- **ABOUT THIS TASK**: The task calls for an exact copy of the records, without any images.

Crawled caption data:
>>>>>

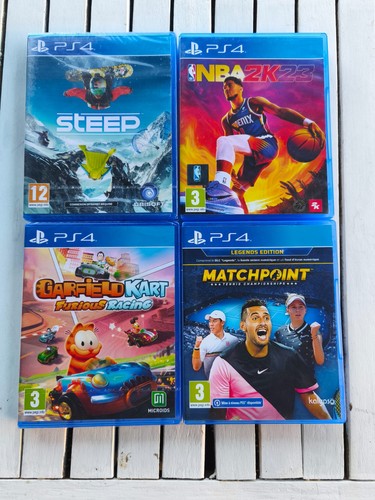 Lot jeux ps4 - lot,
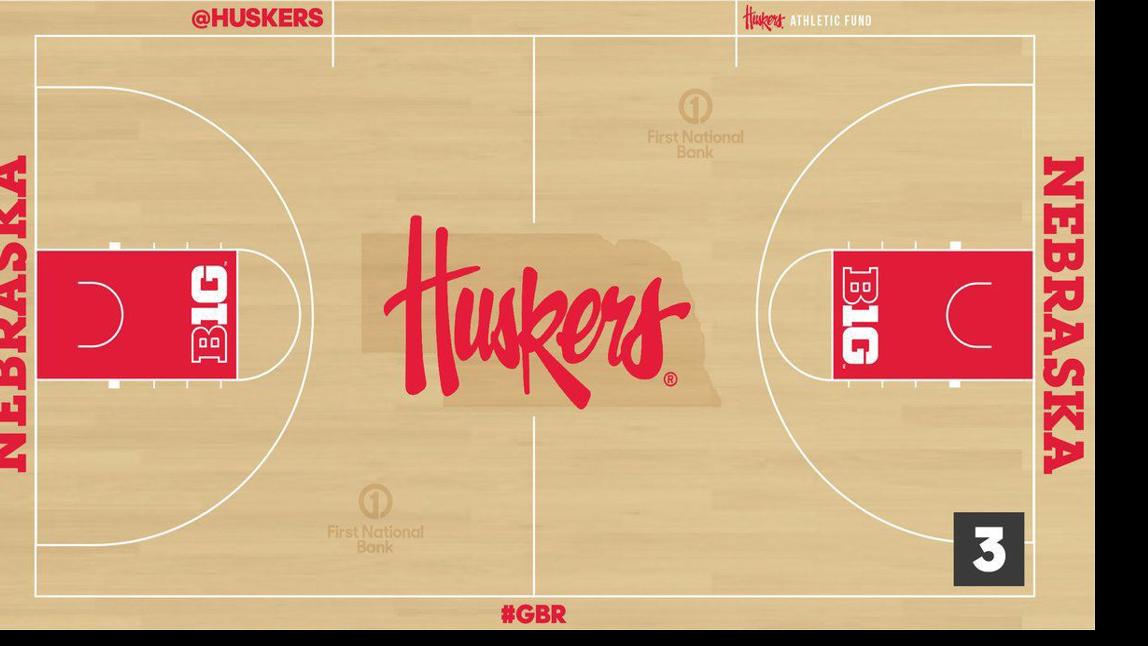 Nebraska Releases New Basketball Court Options For Fan Vote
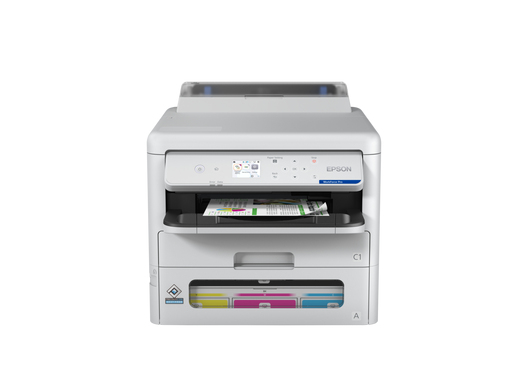 EPSON WorkForce Pro EP-C800RDW Printer colour Duplex inkjet A4 4800x1200dpi 25ppm mono 25ppm colour 330sheets USB LAN Wi-Fi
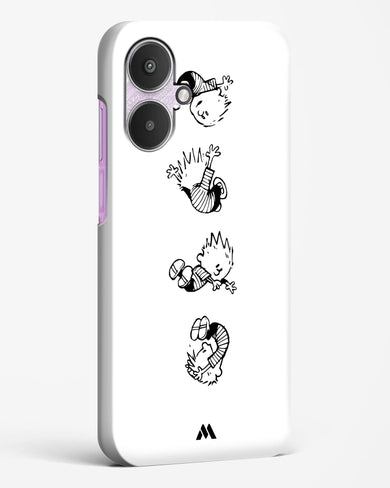 Calvin Hobbes Falling Hard Case Phone Cover (Xiaomi)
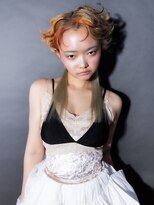 ニジュウサンド ナダーン(23° NADAUN) レイヤー/ハッシュカット/レイヤーカット/ブリーチ/ダブルカラー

<<<<<

- **EXERCISE ANSWER**:
 Lot jeux ps4 - lot,
 Nebraska Releases New Basketball Court Options For Fan Vote
 EPSON WorkForce Pro EP-C800RDW Printer colour Duplex inkjet A4 4800x1200dpi 25ppm mono 25ppm colour 330sheets USB LAN Wi-Fi
 Calvin Hobbes Falling Hard Case Phone Cover (Xiaomi)
 ニジュウサンド ナダーン(23° NADAUN) レイヤー/ハッシュカット/レイヤーカット/ブリーチ/ダブルカラー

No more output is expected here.